Every line of the data is to be output verbatim.

+++ Stored data

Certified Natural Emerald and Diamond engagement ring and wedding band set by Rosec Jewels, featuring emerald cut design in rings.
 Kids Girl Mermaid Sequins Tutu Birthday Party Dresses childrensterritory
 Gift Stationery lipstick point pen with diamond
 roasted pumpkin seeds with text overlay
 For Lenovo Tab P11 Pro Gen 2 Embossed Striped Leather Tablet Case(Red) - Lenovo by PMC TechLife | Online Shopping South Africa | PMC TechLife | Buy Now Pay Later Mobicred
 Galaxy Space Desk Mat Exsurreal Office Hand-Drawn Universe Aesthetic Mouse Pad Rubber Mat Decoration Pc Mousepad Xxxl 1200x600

++++++

*Output below*:
Certified Natural Emerald and Diamond engagement ring and wedding band set by Rosec Jewels, featuring emerald cut design in rings.
 Kids Girl Mermaid Sequins Tutu Birthday Party Dresses childrensterritory
 Gift Stationery lipstick point pen with diamond
 roasted pumpkin seeds with text overlay
 For Lenovo Tab P11 Pro Gen 2 Embossed Striped Leather Tablet Case(Red) - Lenovo by PMC TechLife | Online Shopping South Africa | PMC TechLife | Buy Now Pay Later Mobicred
 Galaxy Space Desk Mat Exsurreal Office Hand-Drawn Universe Aesthetic Mouse Pad Rubber Mat Decoration Pc Mousepad Xxxl 1200x600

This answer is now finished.